DESCRIPTION OF THE TASK: The full text of the records below, minus any pictures, should be given back word for word.

(Beginning of DATASET RECORDS)

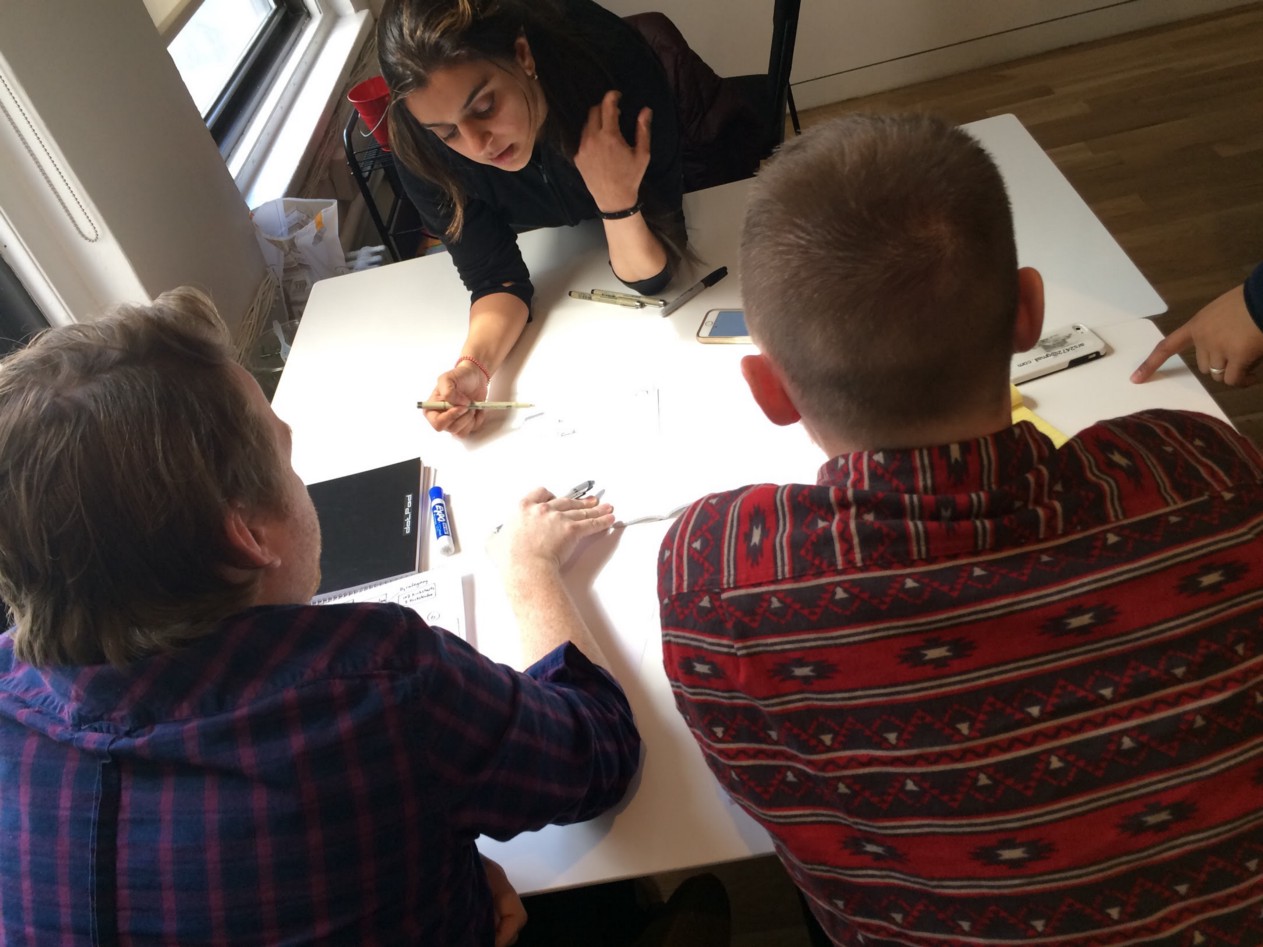 Clockwise from top, Bani, Andrew and I sketch as part of a design studio to find visual solutions to reach our goal.
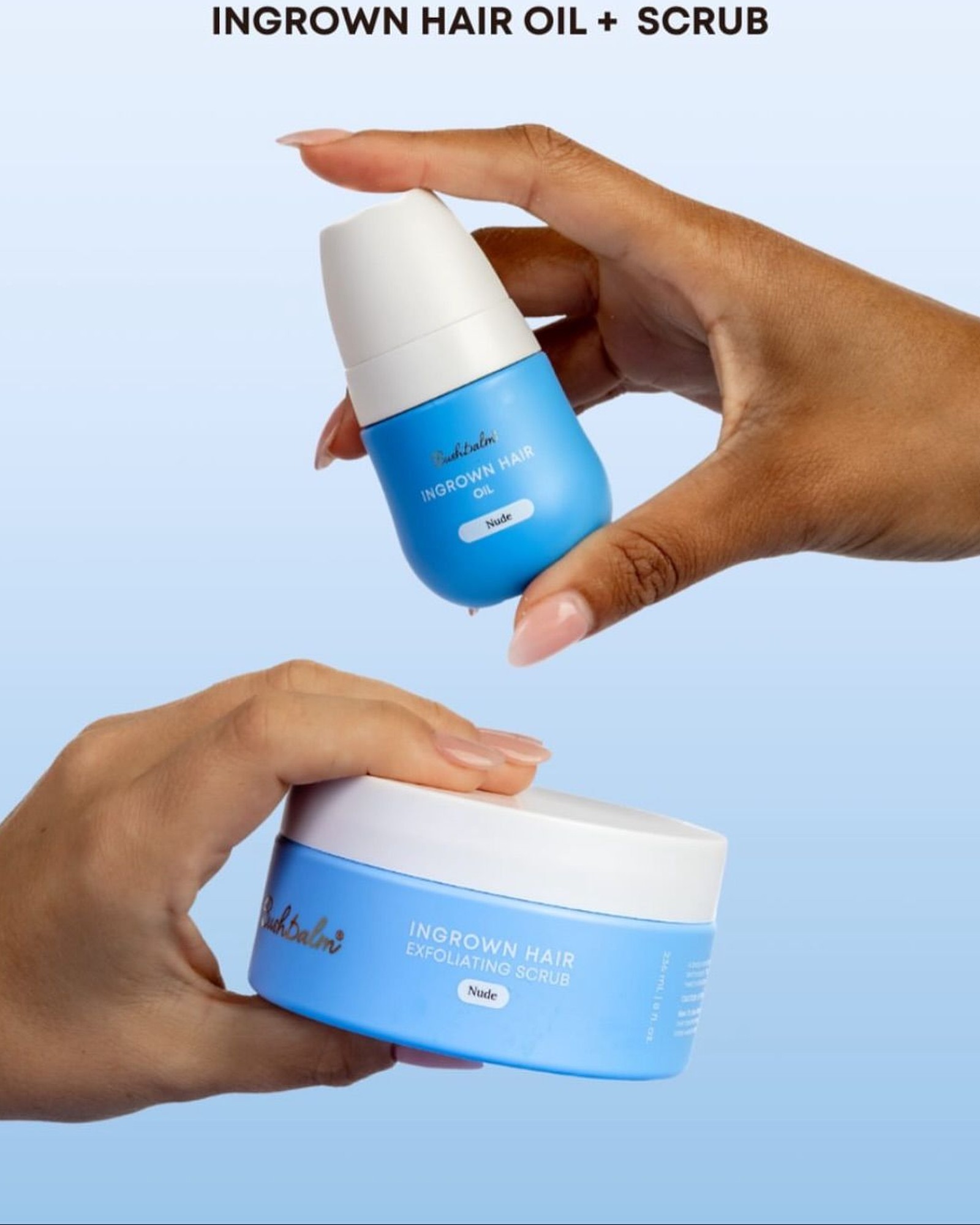 Two hands holding a blue Bushbalm Ingrown Hair Oil bottle above a matching Ingrown Hair Exfoliating Scrub jar on a pale blue background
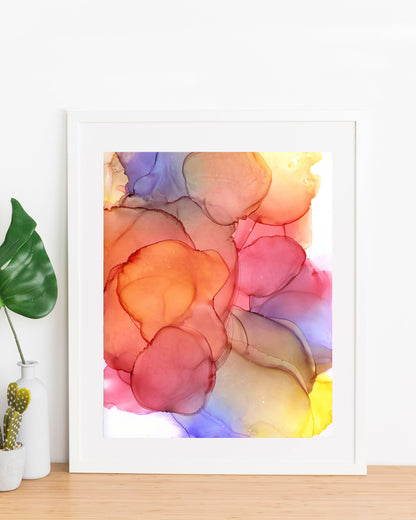 Sundrenched Glow painting displayed in a white frame propped up against a white wall, on a wood table with a small vase and planter on the left.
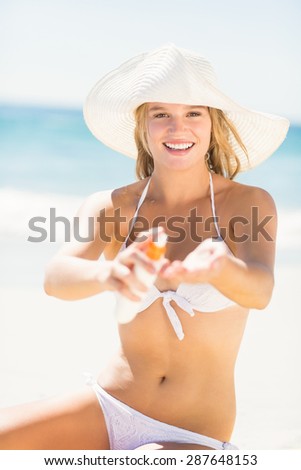 Pretty blonde woman putting sun tan lotion on her hand at the beach
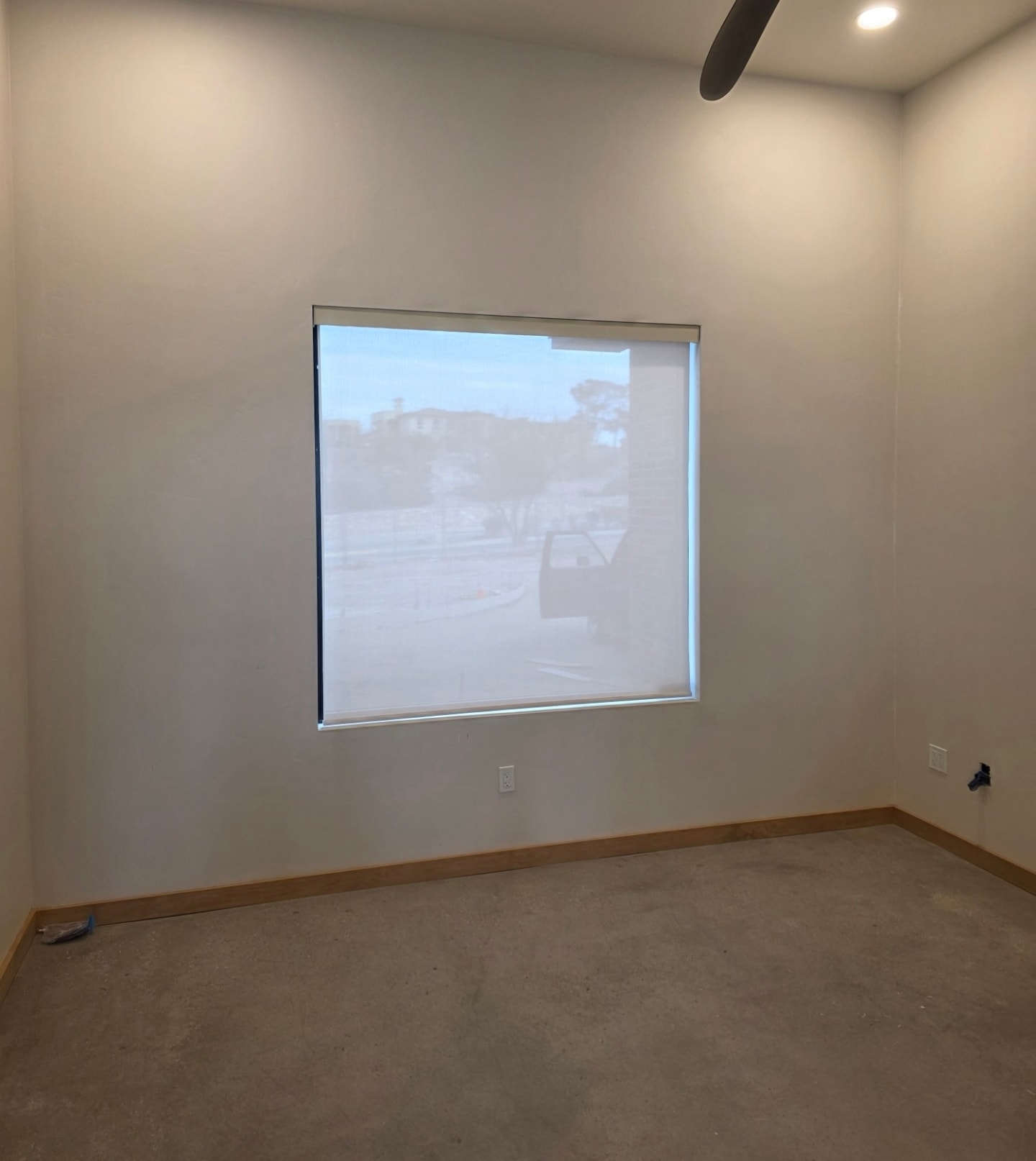 Sheer white roller shade on a large bedroom window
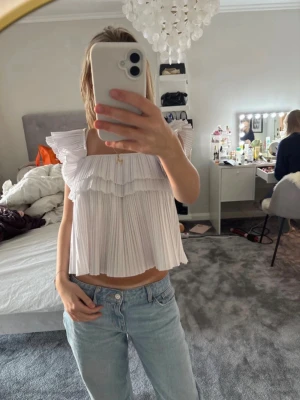 Vit volang topp från Zara - Supersöt vit topp från Zara med breda axelband och flera lager volanger. Toppen är croppad och har en luftig, plisserad design som ger en romantisk vibe. Perfekt till jeans eller kjol för en trendig look. Slutsåld💗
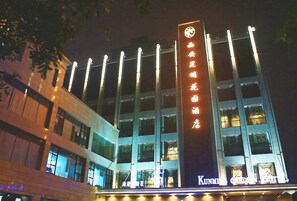A hotel with a prominent vertical sign displaying Chinese characters, multiple floors with illuminated windows, and a visible name "KUNNING GARDEN HOTEL" at the bottom. - Xi'an Kunming Garden Hotel (Seoul South Road Subway Station Branch) (Xi'an)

(End of DATASET RECORDS)

RESULT FOR THIS TASK:
 Clockwise from top, Bani, Andrew and I sketch as part of a design studio to find visual solutions to reach our goal.
 Two hands holding a blue Bushbalm Ingrown Hair Oil bottle above a matching Ingrown Hair Exfoliating Scrub jar on a pale blue background
 Sundrenched Glow painting displayed in a white frame propped up against a white wall, on a wood table with a small vase and planter on the left.
 Pretty blonde woman putting sun tan lotion on her hand at the beach
 Sheer white roller shade on a large bedroom window
 Vit volang topp från Zara - Supersöt vit topp från Zara med breda axelband och flera lager volanger. Toppen är croppad och har en luftig, plisserad design som ger en romantisk vibe. Perfekt till jeans eller kjol för en trendig look. Slutsåld💗
A hotel with a prominent vertical sign displaying Chinese characters, multiple floors with illuminated windows, and a visible name "KUNNING GARDEN HOTEL" at the bottom. - Xi'an Kunming Garden Hotel (Seoul South Road Subway Station Branch) (Xi'an)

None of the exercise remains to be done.